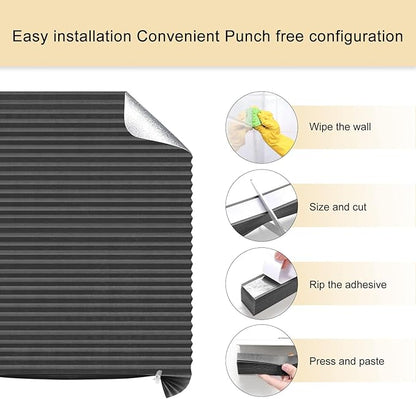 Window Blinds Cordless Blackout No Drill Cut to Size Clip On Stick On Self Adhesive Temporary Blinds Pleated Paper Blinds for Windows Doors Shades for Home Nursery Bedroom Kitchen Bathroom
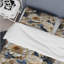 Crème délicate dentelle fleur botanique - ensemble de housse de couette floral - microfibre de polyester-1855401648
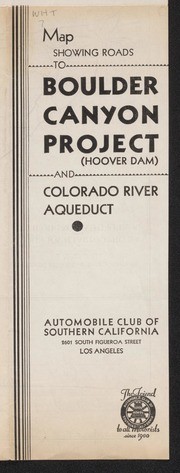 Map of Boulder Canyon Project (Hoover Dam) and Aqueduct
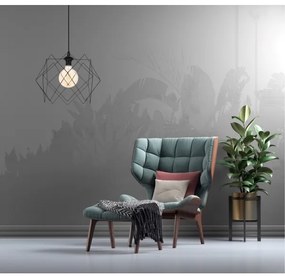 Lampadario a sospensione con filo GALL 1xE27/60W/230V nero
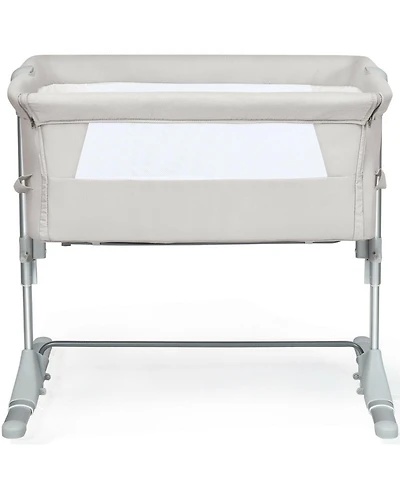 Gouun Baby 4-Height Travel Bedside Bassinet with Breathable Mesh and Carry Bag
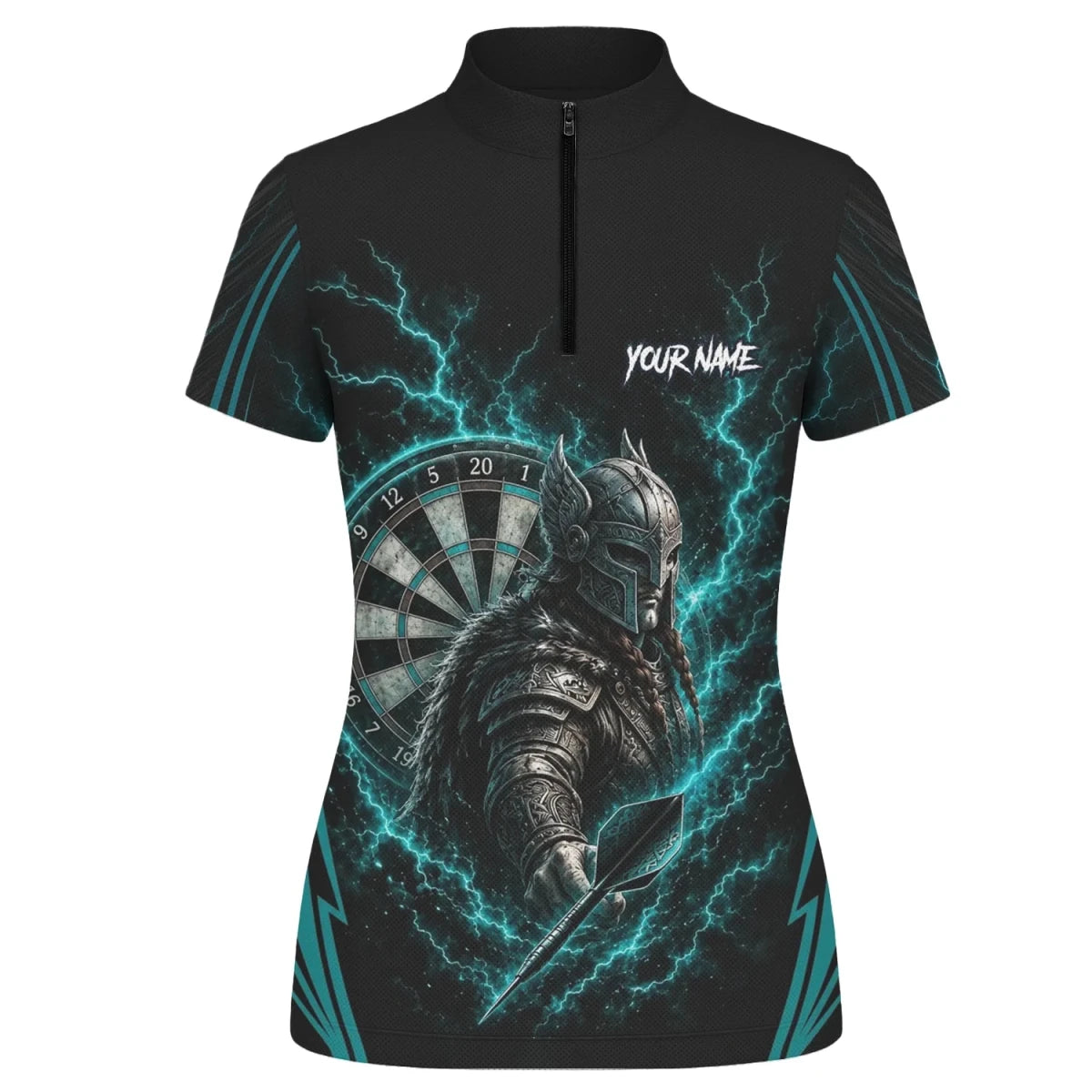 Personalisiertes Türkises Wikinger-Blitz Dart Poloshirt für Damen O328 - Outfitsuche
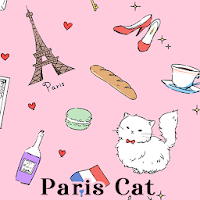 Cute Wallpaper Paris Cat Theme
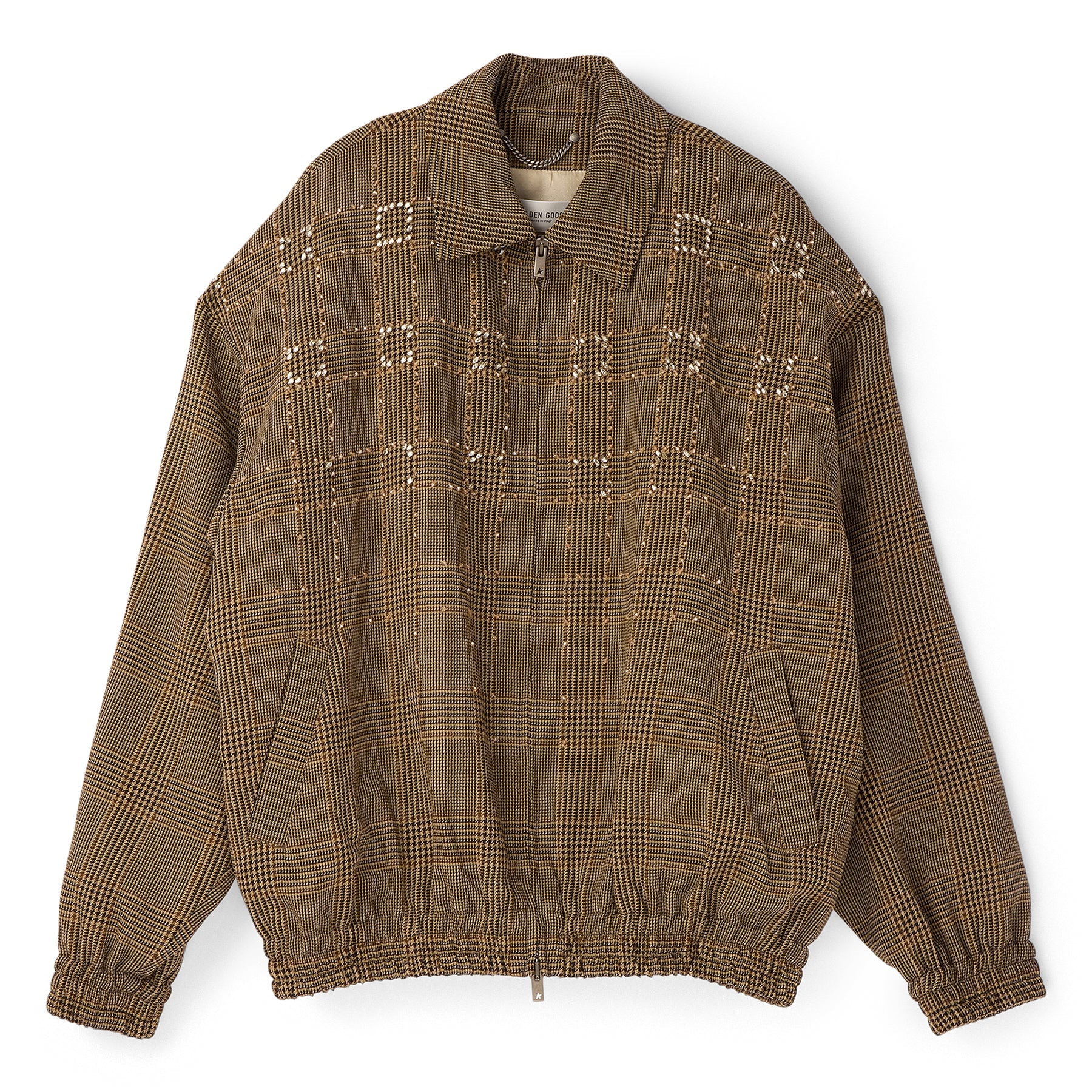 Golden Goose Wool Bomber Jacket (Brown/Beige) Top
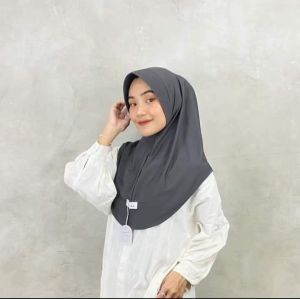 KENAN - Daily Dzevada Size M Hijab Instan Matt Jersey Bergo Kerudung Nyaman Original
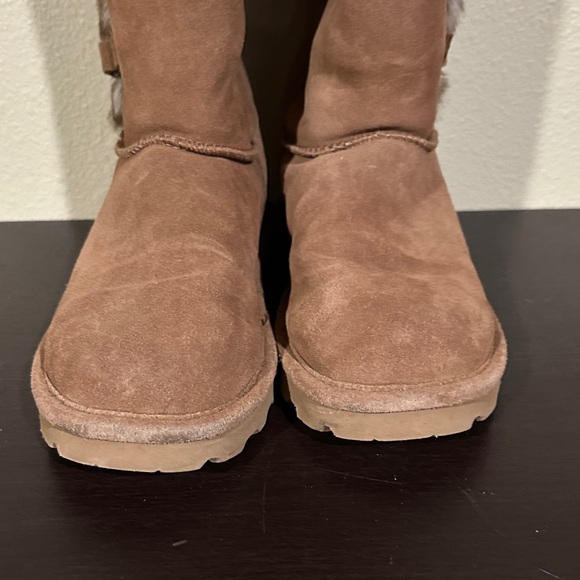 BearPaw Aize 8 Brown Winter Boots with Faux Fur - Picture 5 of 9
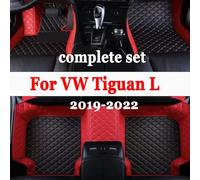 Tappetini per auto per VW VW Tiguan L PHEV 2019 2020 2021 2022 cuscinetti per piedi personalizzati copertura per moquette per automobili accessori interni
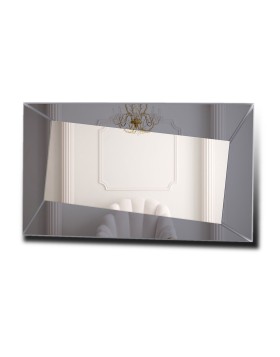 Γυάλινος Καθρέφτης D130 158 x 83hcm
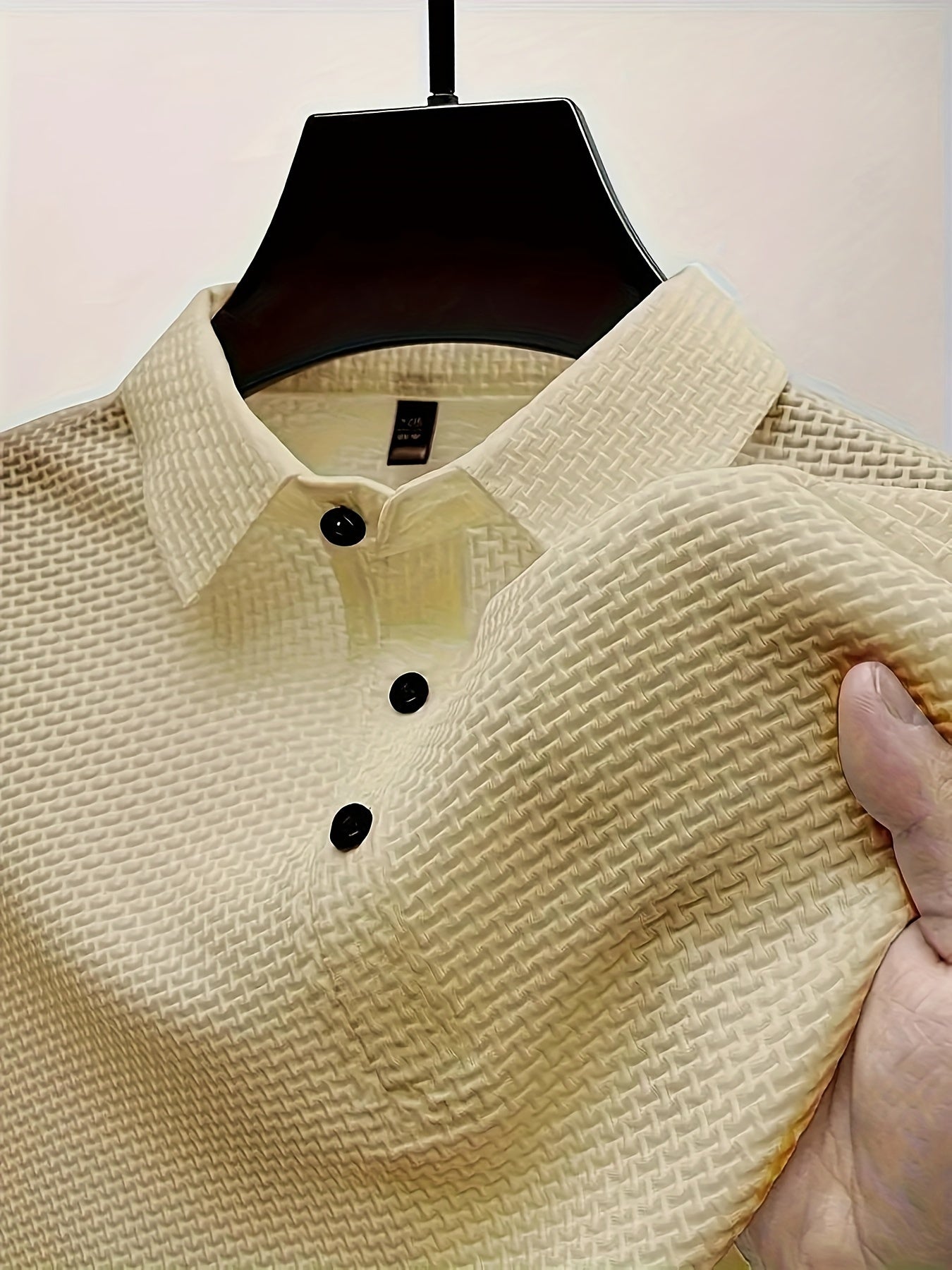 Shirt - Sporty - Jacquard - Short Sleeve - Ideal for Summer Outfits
****
*PROBLEM STATEMENT*. Each record should be written out exactly, and each image should be omitted.

*EXERCISE ANSWER*.
 Window Blinds Cordless Blackout No Drill Cut to Size Clip On Stick On Self Adhesive Temporary Blinds Pleated Paper Blinds for Windows Doors Shades for Home Nursery Bedroom Kitchen Bathroom
 Crème délicate dentelle fleur botanique - ensemble de housse de couette floral - microfibre de polyester-1855401648
 Map of Boulder Canyon Project (Hoover Dam) and Aqueduct
 Lampadario a sospensione con filo GALL 1xE27/60W/230V nero
 Gouun Baby 4-Height Travel Bedside Bassinet with Breathable Mesh and Carry Bag
 Personalisiertes Türkises Wikinger-Blitz Dart Poloshirt für Damen O328 - Outfitsuche
 Cute Wallpaper Paris Cat Theme
 Golden Goose Wool Bomber Jacket (Brown/Beige) Top
 KENAN - Daily Dzevada Size M Hijab Instan Matt Jersey Bergo Kerudung Nyaman Original
 BearPaw Aize 8 Brown Winter Boots with Faux Fur - Picture 5 of 9
 Tappetini per auto per VW VW Tiguan L PHEV 2019 2020 2021 2022 cuscinetti per piedi personalizzati copertura per moquette per automobili accessori interni
 Γυάλινος Καθρέφτης D130 158 x 83hcm
 Shirt - Sporty - Jacquard - Short Sleeve - Ideal for Summer Outfits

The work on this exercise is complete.